Over the land half freckled with snow half-thawed
The speculating rooks at their nests cawed,
And saw from elm-tops, delicate as a flower of grass,
What we below could not see, Winter pass

Edward Thomas

Sunday, 22 January 2012

bendixed

How to free up a jammed Bendix drive

Problems never come singly, do they? I was driving Katie across town the other day, for her Meeja course, and on the way home there was a faint sense of hiccuping from the engine. I pretended not to notice, because I had drawings to do. But that afternoon, repeating the journey, it developed into full-blown indigestion, and the engine kept cutting out, so that I was constantly juggling the choke and bump-restarting the engine as we coasted along. Katie was oblivious, as we'd stopped at Wai Yee Hong, the chinese supermarket, and she was munching her way through a box of Pokies while listening to her iPod, which was audible to me as that hissy sort of sound that was peculiarly annoying in the circs. So I stuck on Jean-Luc Ponty. Take that, popster!

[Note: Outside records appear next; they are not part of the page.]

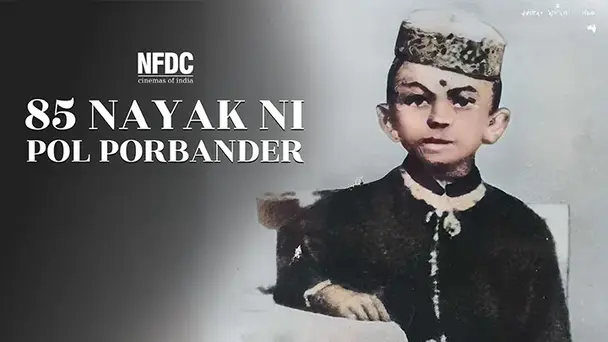 85 Nayak Ni Pol Porbander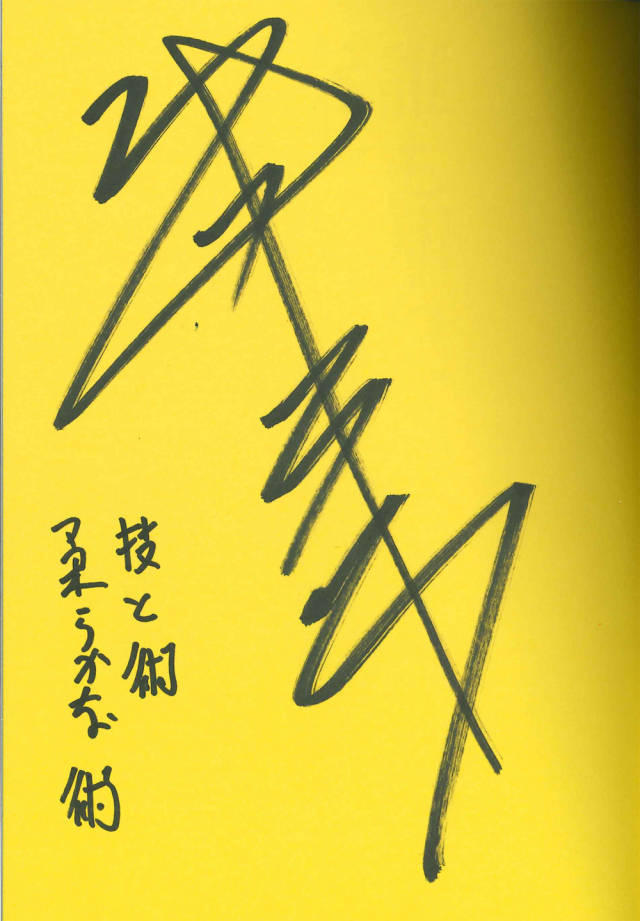 書籍 誰も知らない“達人術”※数量限定！サイン本有り！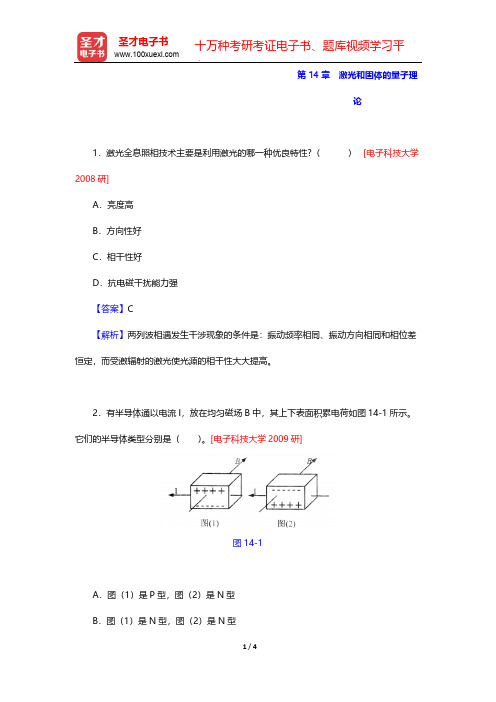 程守洙《普通物理学》(第5版)辅导系列-名校考研真题-第14章 激光和固体的量子理论【圣才出品】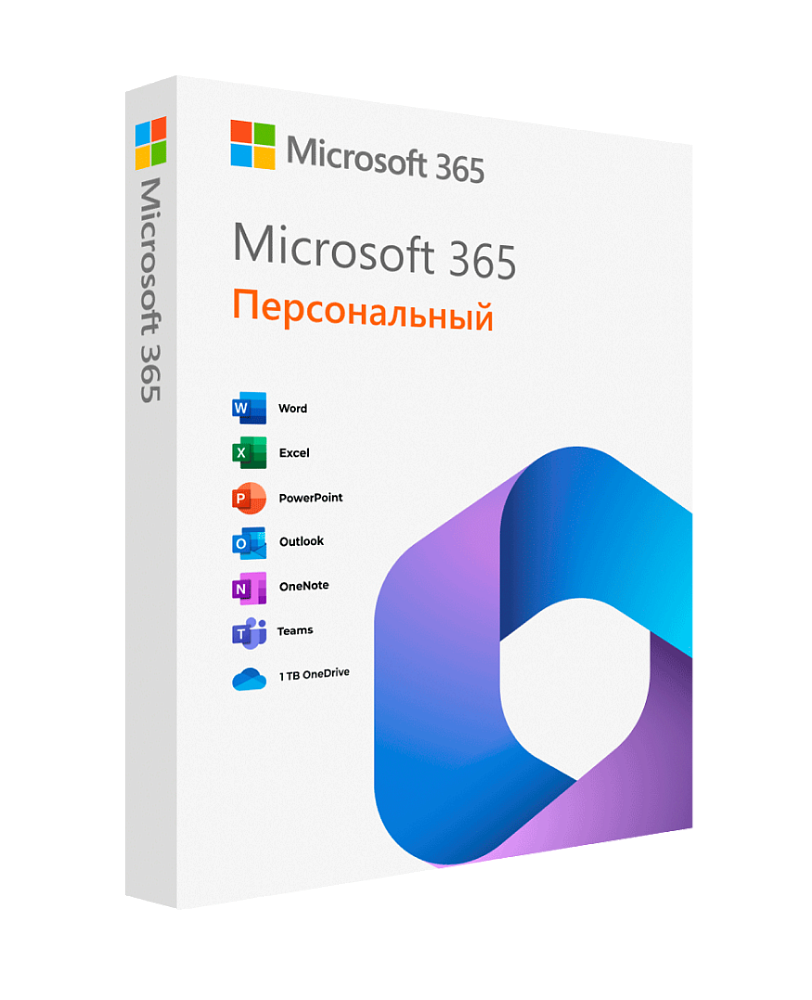 Подписка Microsoft 365 Персональный (12 месяцев / активация в вашей личной учетной записи / VPN в комплекте / мультиязычная версия)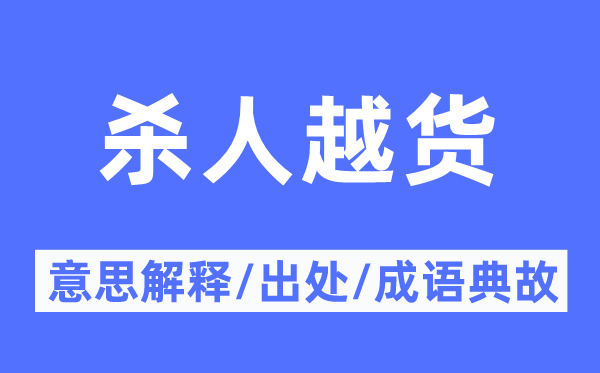 杀人越货的意思解释,杀人越货的出处及成语典故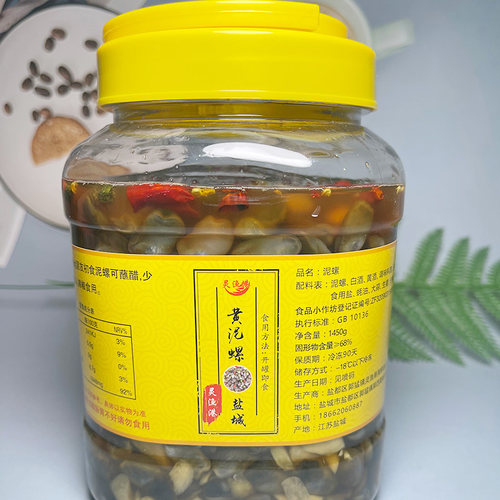 大桶2斤黄泥螺醉泥螺即食罐装个大无沙新鲜香辣盐城特产海鲜醉螺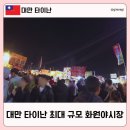 대동화원 | 대만 타이난 여행 야시장 추천 최대 규모 화원 야시장 영업시간 위치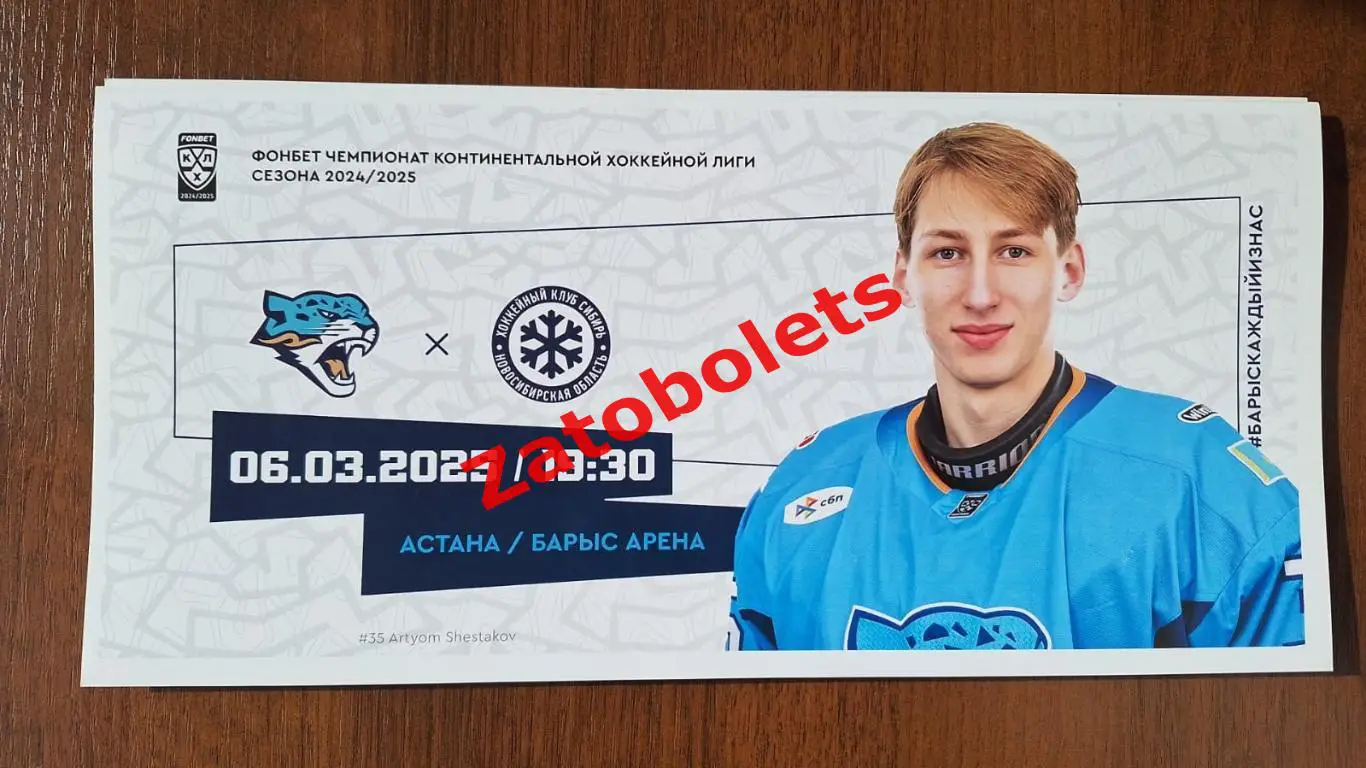 Барыс Астана Казахстан - Сибирь Новосибирск 06.03.2025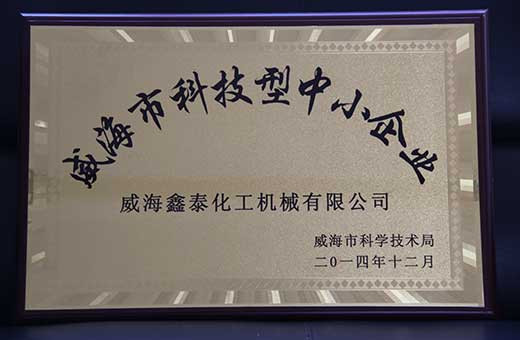 威海市科技企業(yè) 威海市科技企業(yè)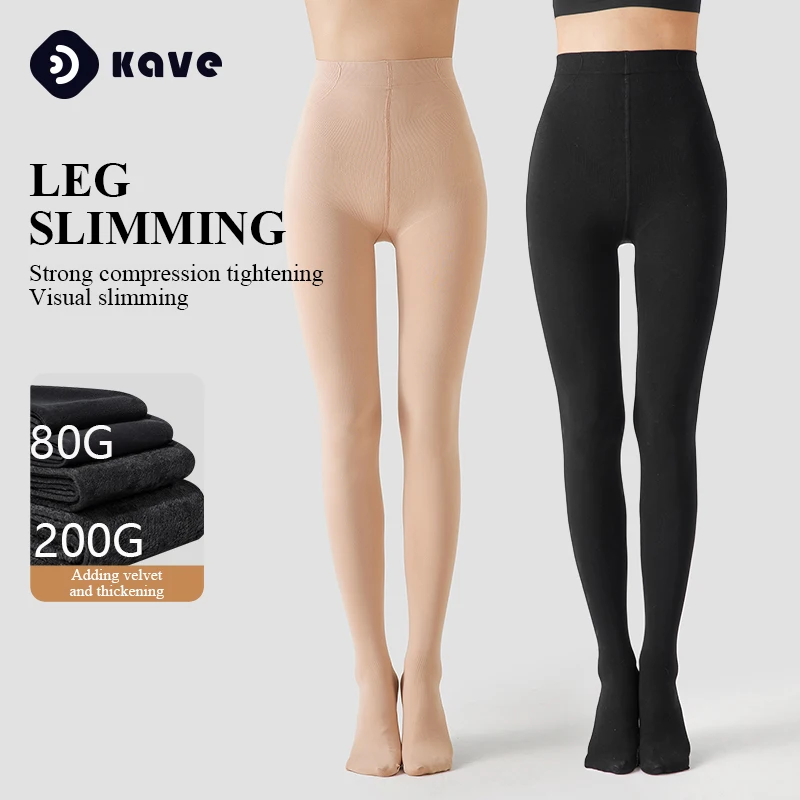 Kave 80-200G Základné skladovanie Ženy Jeseň Winter Fleece Teplé pančuchy s vysokým pásom Bruch
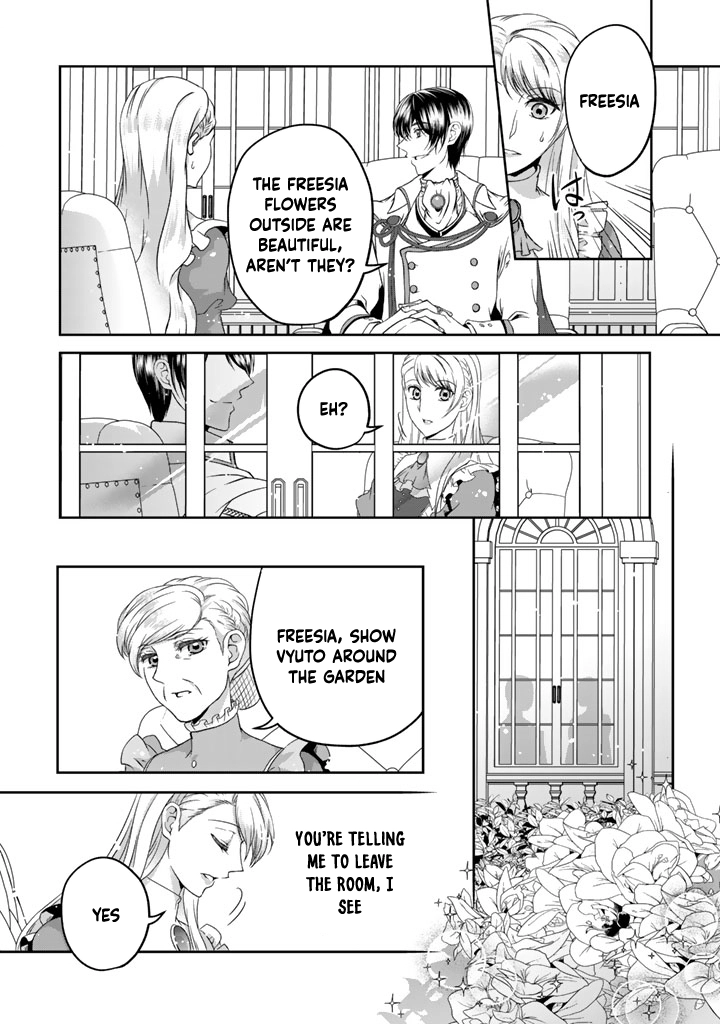 The Young Lady Betrayed by Her Fiancé and Sister Returns. Chapter 4 Page 15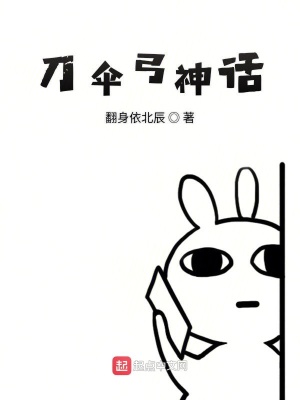 刀伞弓神话 翻身依北辰著 历史神话小说 刀伞弓神话无弹窗 起点中文网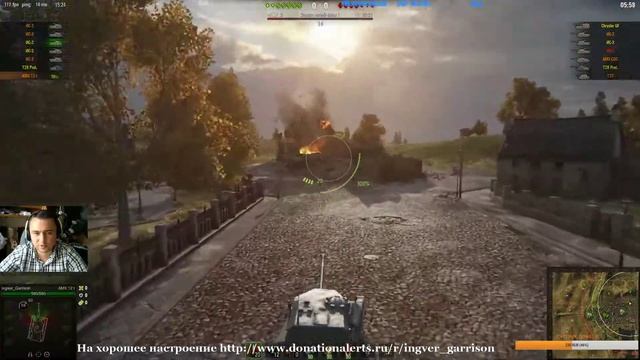 Командные бои WoT: бомбящий воскрестный стрим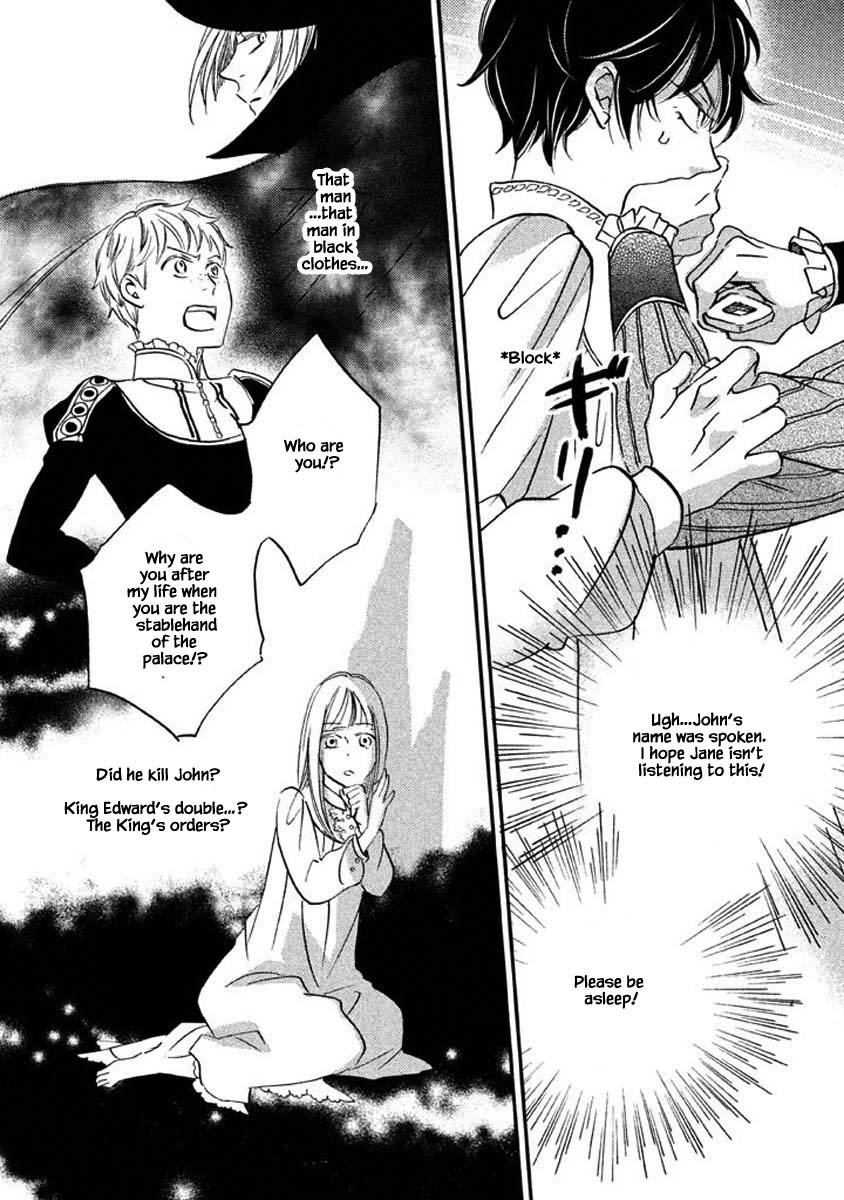 Oukoku no Ko Chapter 16.2 page 10 - Chapter 16.2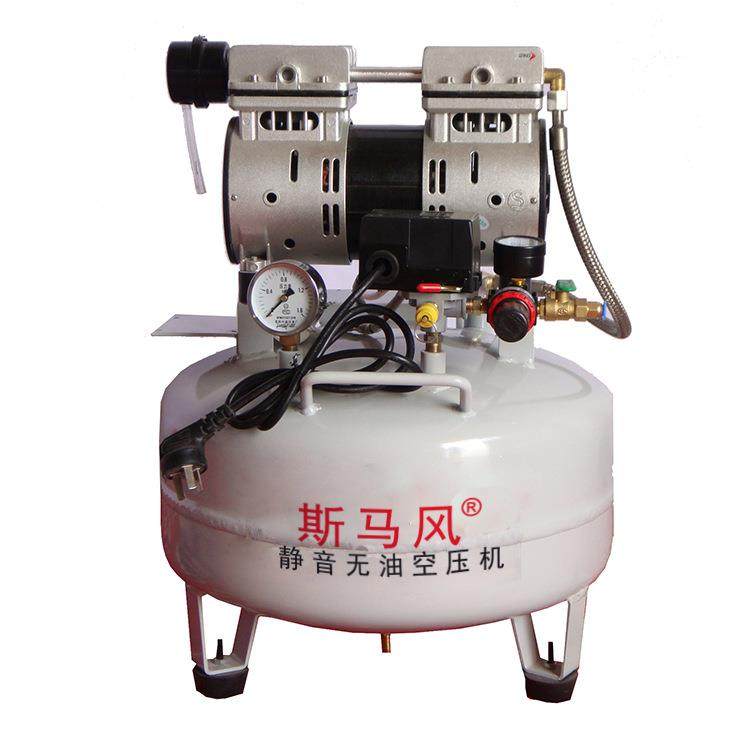 高压无油空压机小型无油静音气泵无油静音空压机MX61超静音便携,节庆用品/礼品,新娘配件,淘宝优惠券,粉丝福利购,淘宝优惠卷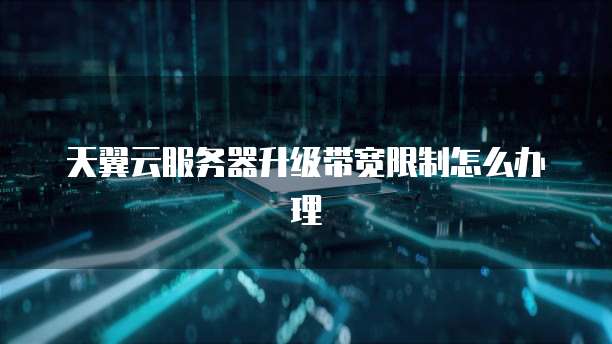 华为云储存误删数据文件的恢复方法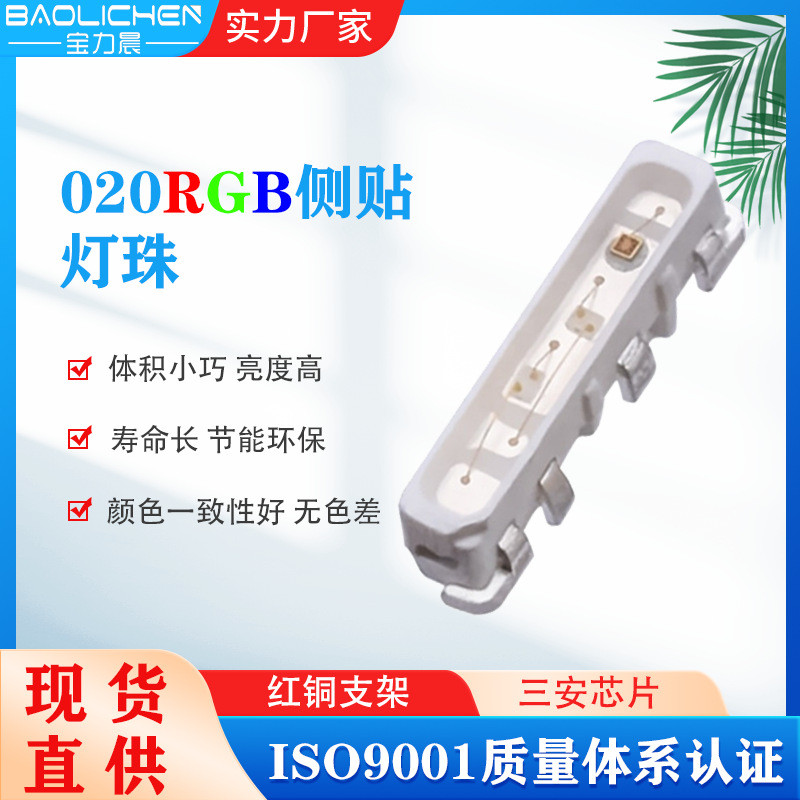 020rgb四脚侧发光共阳3806全彩三合一灯珠灯条背光led红绿蓝三色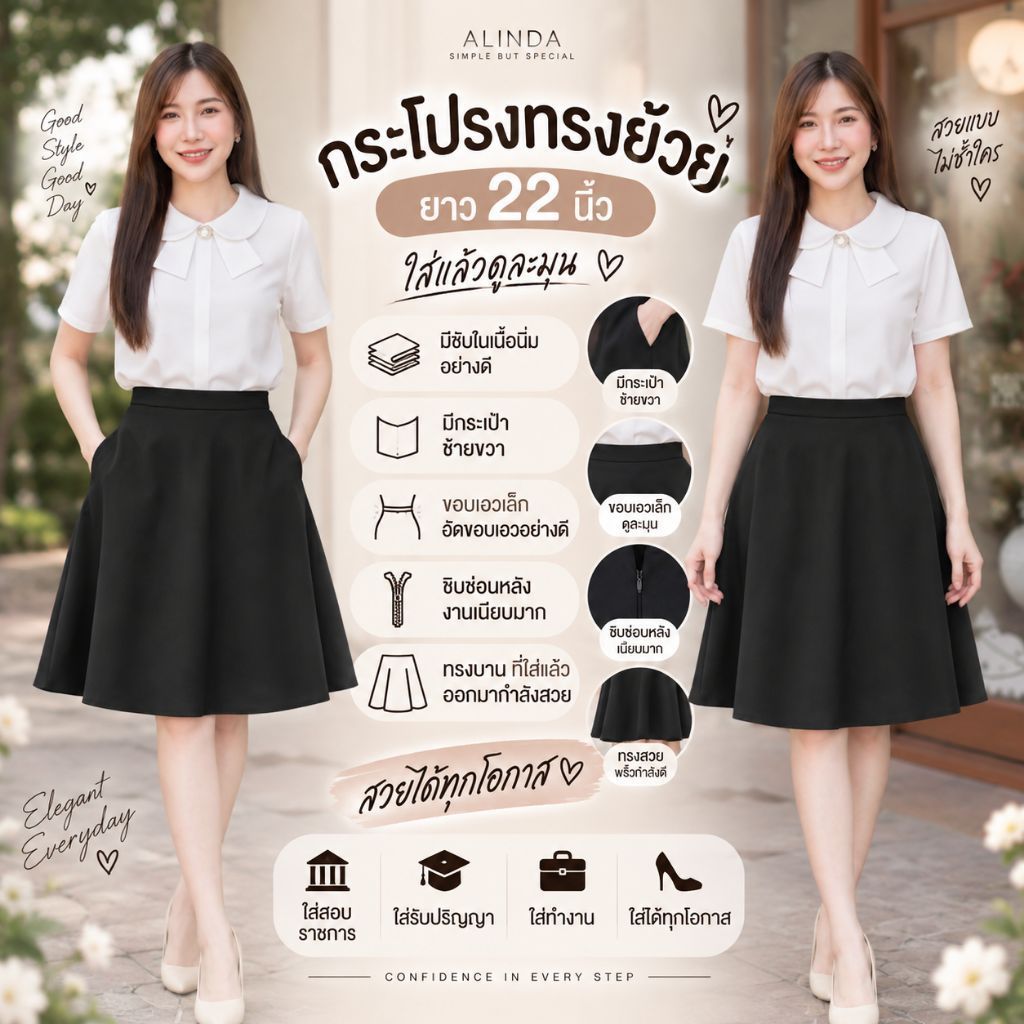 กระโปรงทรงย้วย ยาว22" มีกระเป๋าข้าง 2 ฝั่ง ผ้าเดซี่ (เอวสูง) (มีซับใน)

Worry, worry. Was it the ingition system failing? I started with the simplest job- replacing the HT ignition coil with the spare one. No difference. I took the top off the carburettor float chamber. Loads of crap in there. So I took the carburettor off and stripped it down; the piston was grubby and prone to sticking. So I cleaned everything up and lightly lubricated it, and stuck it all back together, and it worked properly.

Then yesterday I was coming back from Mal's, where I'd been doing some chainsawing, and I'd just switched the engine off when I thought "I'll have a look under the bonnet, and check the mixture." So I engaged the starter. And, because the engine hadn't stopped turning, there was a horrible graunching noise. 

I stopped the engine, and turned it over by the cranking handle. Graunching noise was still there.

I cursed.

Then I took the starter motor out, and checked the teeth on the flywheel.

Blessedly, they were both in fair condition; but the Bendix drive on the starter was jammed. The Bendix bit is that cylinder thing with the cog on it, on the spiral grooves on the shaft in the picture there.

After scratching head for a bit, I compressed the spring on the end of the shaft, using a couple of Mole grips. Then banged it a bit. And it sort of went SPRONG, and the Bendix relocated itself at the right end of the shaft. 

And I breathed a sigh of relief. And cleaned the whole thing with surgical spirit, because Bendixes need to be clean and grease-free, otherwise it'll all end in tears again.

This is what a healthy starter motor looks like.

Sunday, 15 January 2012

secret blackbird


secret blackbird, originally uploaded by Dru Marland.

This is for the new collaboration with Geraldine Taylor. I got the idea from a tile painting in Cardiff Castle, The Invisible Prince.

Friday, 13 January 2012

Indian Runners


a line of ducks, originally uploaded by Dru Marland.

 I've just picked up some giclee prints of this painting, from Niche in Stokes Croft. And now they're in my Etsy shop

An envelope arrived in the post yesterday. Unusually, it came without any contents, though it was sleeved in a plastic bag from Royal Mail, the writing on which apologised for the fact that it had been interfered with. But, since there was no clue as to what should have been in the envelope, I can do nothing but guess what might have been in the envelope. A million pounds in Scottish £50 notes? A frog, squashed flat by a lorry? Who knows? Well, the sender, obviously. And the person who opened the envelope, presumably.


Do you recognise your writing, gentle reader?

Tuesday, 10 January 2012

death of a local bookshop


I have several hats, though most of them are berets.

One of them is the hat of an itinerant book seller.

Which is a beret, since you asked.

I put it on on Saturday, and threw a pile of books and cards into the Moggy. Deb piled in with her promo packs for Communion, her rather fine poetry collection. And her poetry book hat, which on this occasion was an enviable knitted affair with a vague air of Middle Earth about it. And off we went, over the Avonmouth Bridge to Clevedon.

"I really want to take some pics in Seeley's", I said as we trundled past Easton in Gordano. "It's everything a local bookshop should be, which means it's not long for this world. Books, stationery, art materials, good local section, nice people. And Mr Seeley perched in his office up the stairs at the back."

"And the Fontana book stand", said Deb. "It's so Seventies! I really want that stand."

"The Galt one's my fave," I said; "Pure 60s.  ....I'll try and pluck up courage to ask if I can take pictures today."

We were a fortnight late. Seeley's had closed for ever, on Christmas Eve. We stared despondently through the windows at the debris of the last fifty years or so, revealed by the ripping out of the shelves; the two bob coin on the counter, the Empire Produce mango chutney crate with the note advising that 'Phil is having this'.




Monday, 9 January 2012

the job's not started till the paperwork's done




So I hit the ground running at New Year. This year, I thought, is going to be hugely productive on the picture front.

And then I got a letter that meant I had to do all my accounts. A task the mere prospect of which is enough to bring on a panic attack.

Still, I got there in the end. And even completed my tax return. So now the decks are cleared for action. Back to the pencils. Out with the Indian ink.


These are little chapter heading pictures for The Changeling Tree.